But my impression is that several of the commonly mentioned negative effects go beyond than what can be explained by just change. Is this really so? If yes, would a cooling climate (beyond restoring pre-industrial conditions) bring more positive effects?
The level of CO2 in the atmosphere we're currently experiencing has not been seen on earth for about 800,000 years IPCC AR5 and the consequences of this change in radiative forcing are massive. Particularly as we've engineered this change in the last 150 years or so (ridiculously fast as far as natural systems are concerned). The change is extremely large in magnitude and speed - and this is going to have a huge impact - so I think you're right in that pretty much any change is bad change. My best shot at some positive human results are
1) an ice-free northwest passage round the top of Canada and
2) a marginal improvement in the UK for agriculture
These are of course completely outweighed by the other costs - in both human and natural systems.
A cooler climate would also have both positive and negative effects, but we are not likely to get that for some considerable time.
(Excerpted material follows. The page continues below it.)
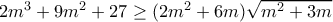 2m^3+9m^2+27\geq (2m^2+6m)\sqrt{m^2+3m}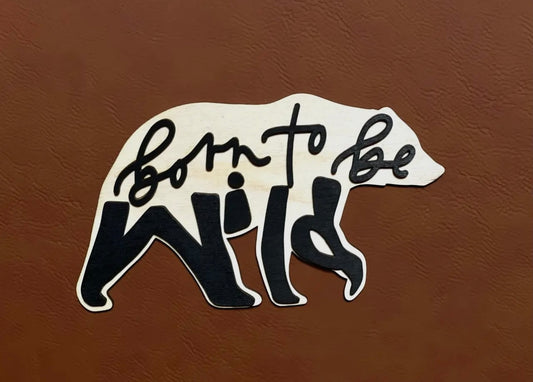 born to be wild nursery sign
There are other ways in which human civilization has adapted to current regional conditions: Communities rely on air conditioning in the summer and/or heating in the winter to make regions tolerable. Harbors and coastal communities are built to suit current sea levels. In general, increased temperatures will make warmer regions less tolerable and more expensive to live in (through cooling and similar costs) and more prone to deadly heat waves, while potentially making colder regions more tolerable and less expensive (through reduced heating costs). Similarly, dramatic cooling would also affect where everything grows, reduce growing degree days for growing plants, and making colder regions less tolerable and more costly.
While attempting to quantify the "Country-level social cost of carbon," a 2018 study in Nature Climate Change by Kate Ricke, et. al. assessed the net economic impact on individual countries and concluded that the costs are "unevenly distributed": "Countries that incur large fractions of the global cost consistently include India, China, Saudi Arabia and the United States."
Northern countries such as Russia, Canada, Norway, Sweden, the United Kingdom, France, Germany, and Poland actually receive a slight direct benefit from climate change through factors such as reduced heating costs.